Max von der Grüns Prosa mutiert zur Poesie. Und das in einem Arbeiter- und Aufarbeitungsroman. Wie schön: „Das Mädchen war glitschig geworden, dagegen war nichts zu sagen, es war kraftvoll und geschickt, dagegen war nichts zu sagen, und ich versagte nicht, wie in manchen Nächten bei Gerda, es war hungrig, heiß, schwer und naß und hungrig, dagegen war nichts zu sagen, und es ließ sich erschöpft gegen mich fallen, und dagegen war nichts zu sagen, und die Sonne brannte und der heiße Schatten der Ulme trocknete den hellen Schweiß ihres Körpers, und dagegen war nichts zu sagen, und die Autos fuhren von und nach Coburg, und dagegen war nichts zu sagen, und eine russische Stimme sagte auf Englisch: five kilometers to border, und dagegen war nichts zu sagen, und das Mädchen biß mein Ohr und flüsterte: wir müssen nun fahren, die Sonne senkte sich an der Ulme vorbei, und dagegen war nichts zu sagen, Schwalben segelten, Traktoren tuckerten über Felder, und dagegen war nichts zu sagen, und das Mädchen flüsterte, wie müde es sei, und dagegen war nichts zu sagen.
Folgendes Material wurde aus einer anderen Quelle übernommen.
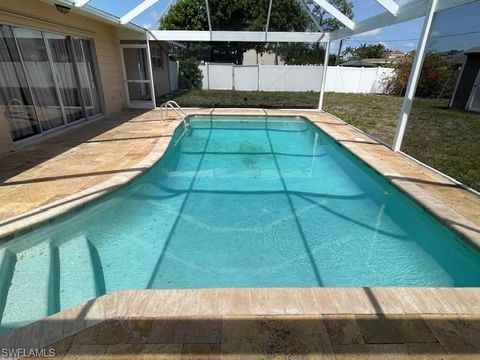 2107 Woodland BLVD FORT MYERS FL 33907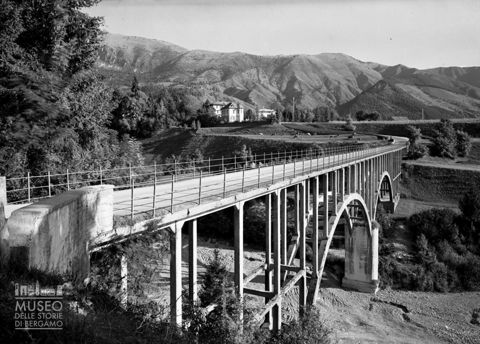 Ponte sul torrente Gera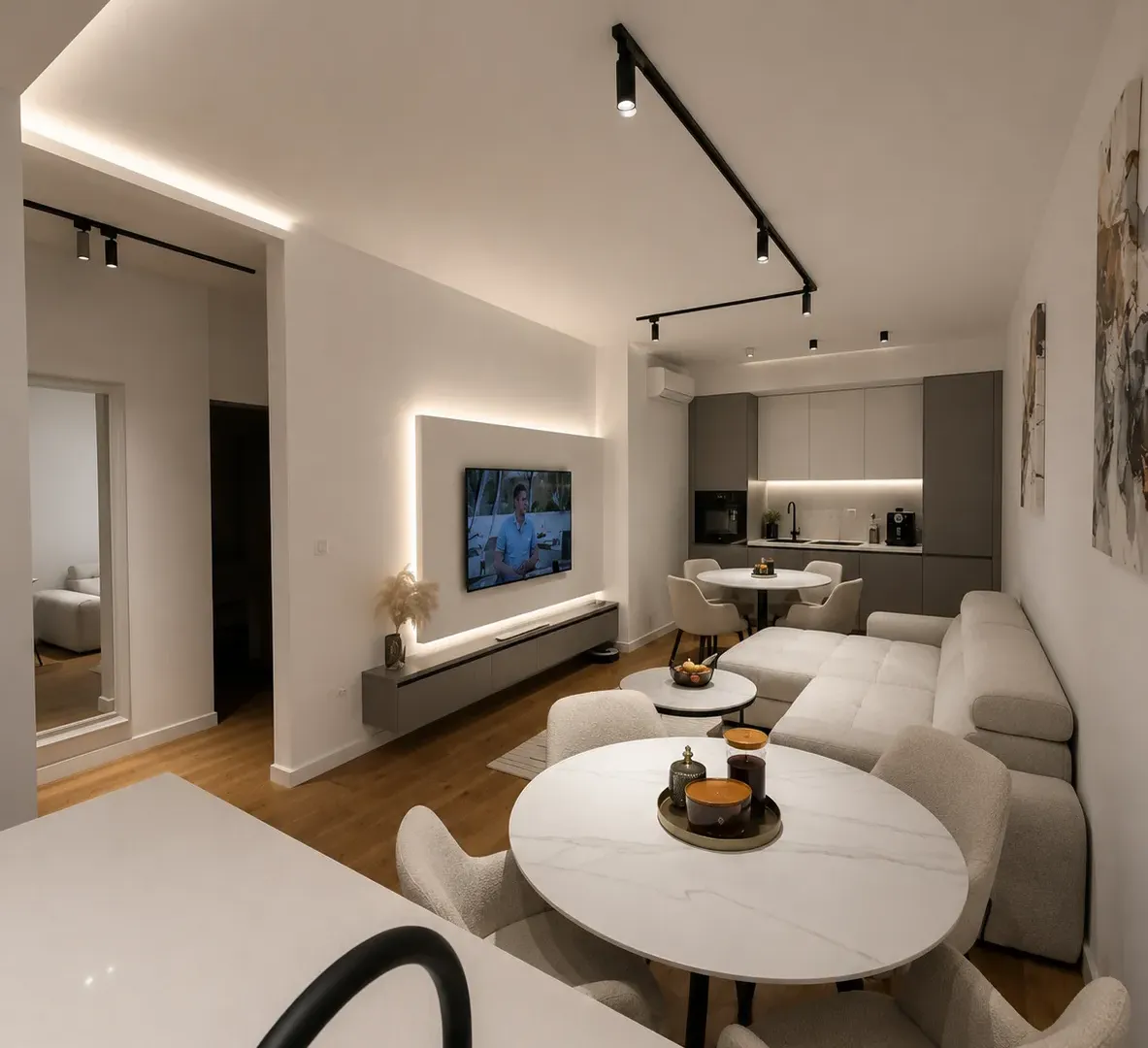 Prodaja, jednosoban stan, 65m², Soho City, Bar
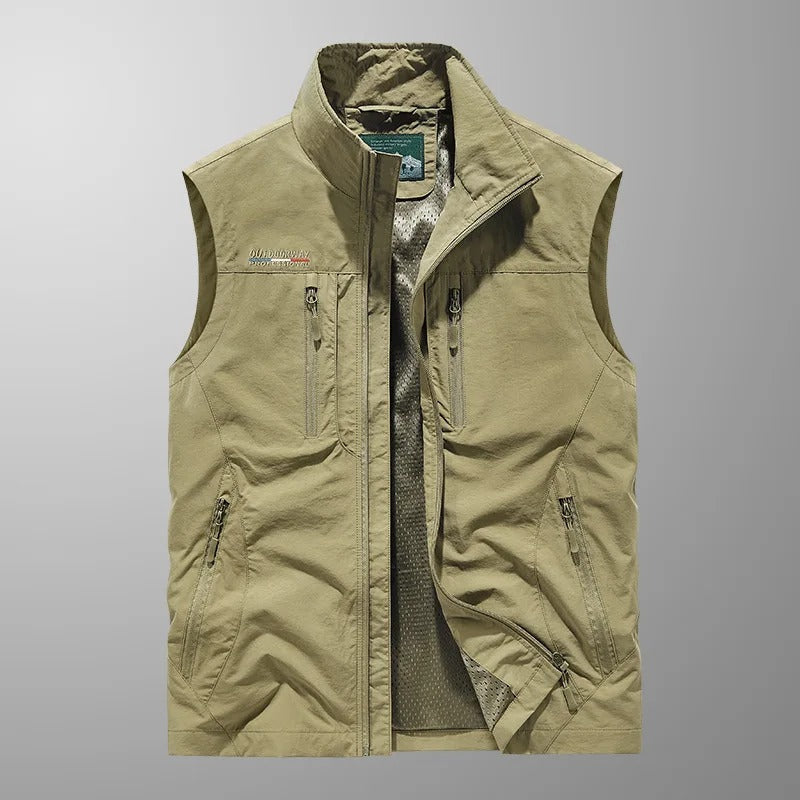 Men's breathable travel vest, lightweight design, multi-pocket functionality for active outdoor enthusiasts.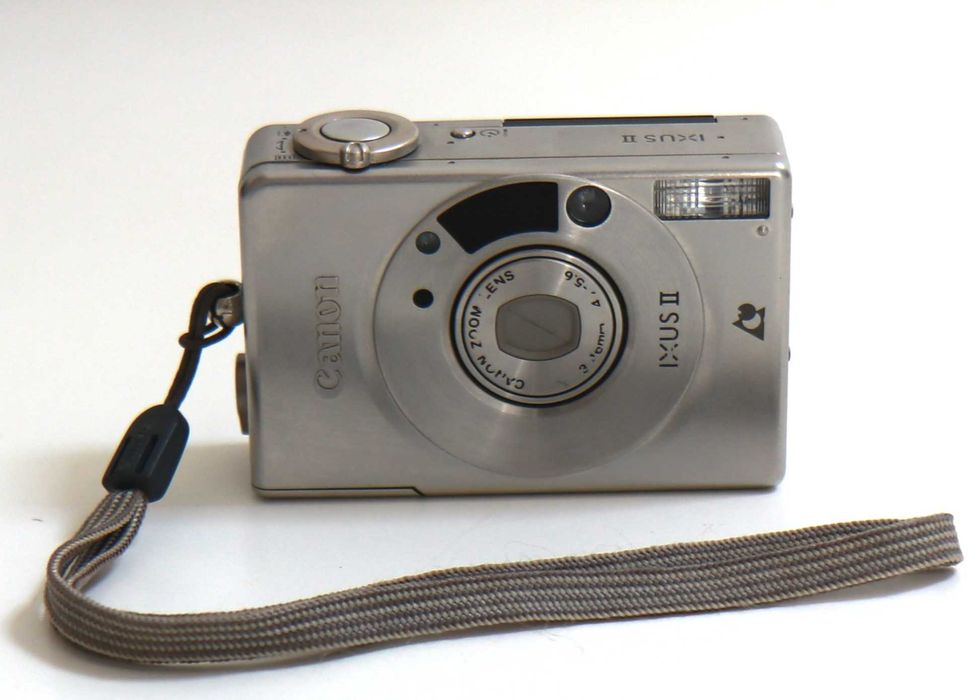 Canon Ixus II máquina fotográfica analógica vintage (de rolo)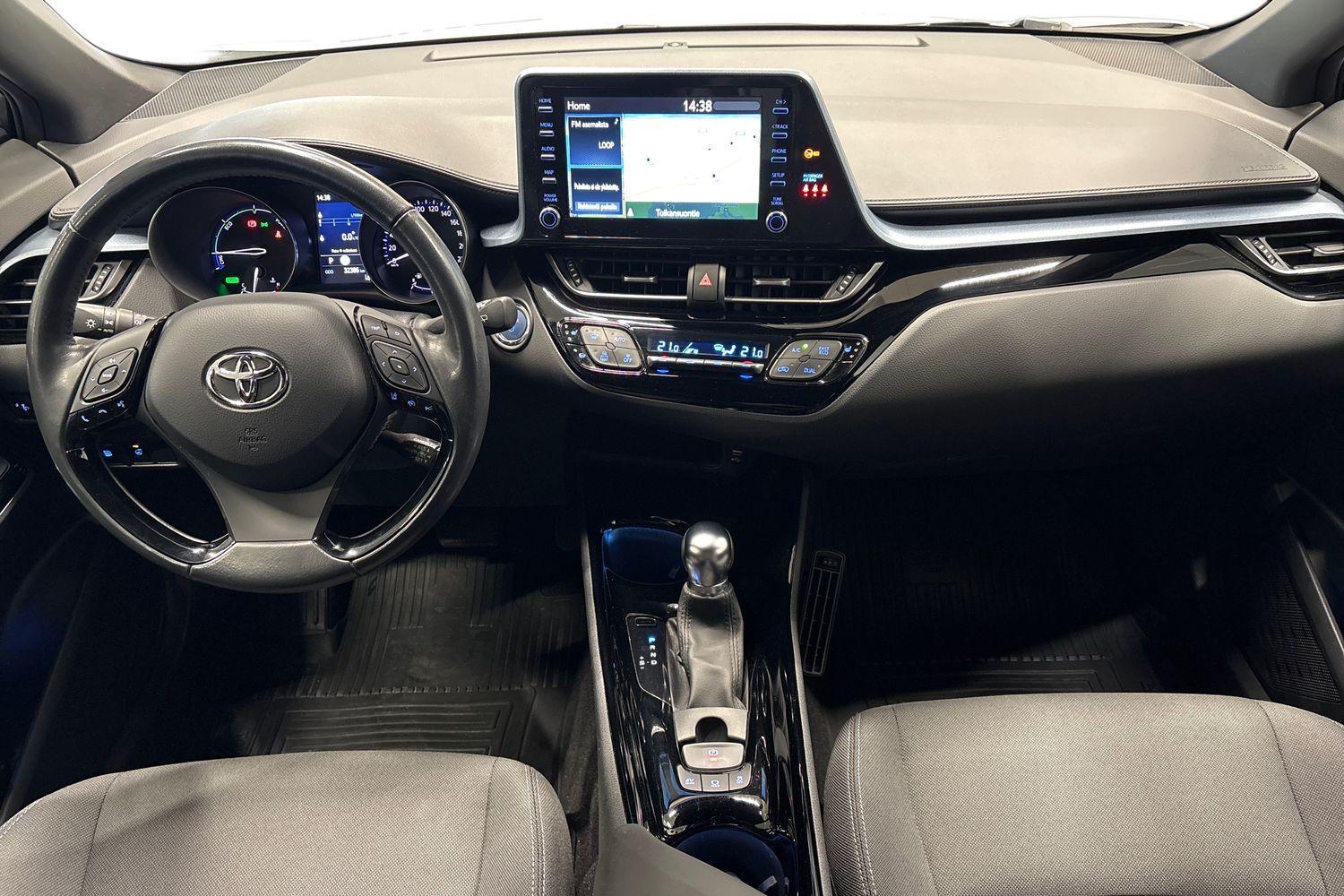 Toyota C-HR vaihtoauto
Vor Coburg verriet das Mädchen, daß es nicht nach Coburg wolle.“

Dann kehrt der Autor wieder zu seiner linearen Erzählform und dem grübelnden Ton zurück. Das ist umso leichter nachvollziehbar, als die Handlung in der ersten Person spielt. Aber Obacht! Max von der Grün schreibt seine – stellenweise hervorragenden – Dialoge ohne Anführungszeichen. Also ist höchste Konzentration gefragt. Aber Weiterlesen lohnt sich immer, denn die Spannung wird über die meiste Zeit hochgehalten. Pospischiel begegnet irgendwann dem „Mann ohne Gesicht“. Viel hat er aber nicht von dieser Begegnung und kehrt zurück ins spannungsgeladene Arbeitnehmer-Arbeitgeber-Klima. Wer sein Arbeitsleben an einer Werkbank, einer Maschine, einem Fließband oder in einem Großraumbüro bestritten hat, fiebert auch nach den poetischen Liebesszenen (es gibt noch weitere) dem Ausgang des Konflikts zwischen Pospischiel und der Unternehmensleitung entgegen. Pospischiel hat seinen Arbeitsplatz immerhin ohne Genehmigung für einige Tage verlassen. Ob es sich gelohnt hat – schon wegen den Liebesabenteuern - oder nicht, erfährt, wer das Buch bis zur letzten Seite liest ... oder sich den Film (DVD) zu dem Roman anschaut. Eine DDR-Produktion aus dem Jahre 1970, Regie: Ralf Kirsten, ist noch bei Online-Händlern auf Lager.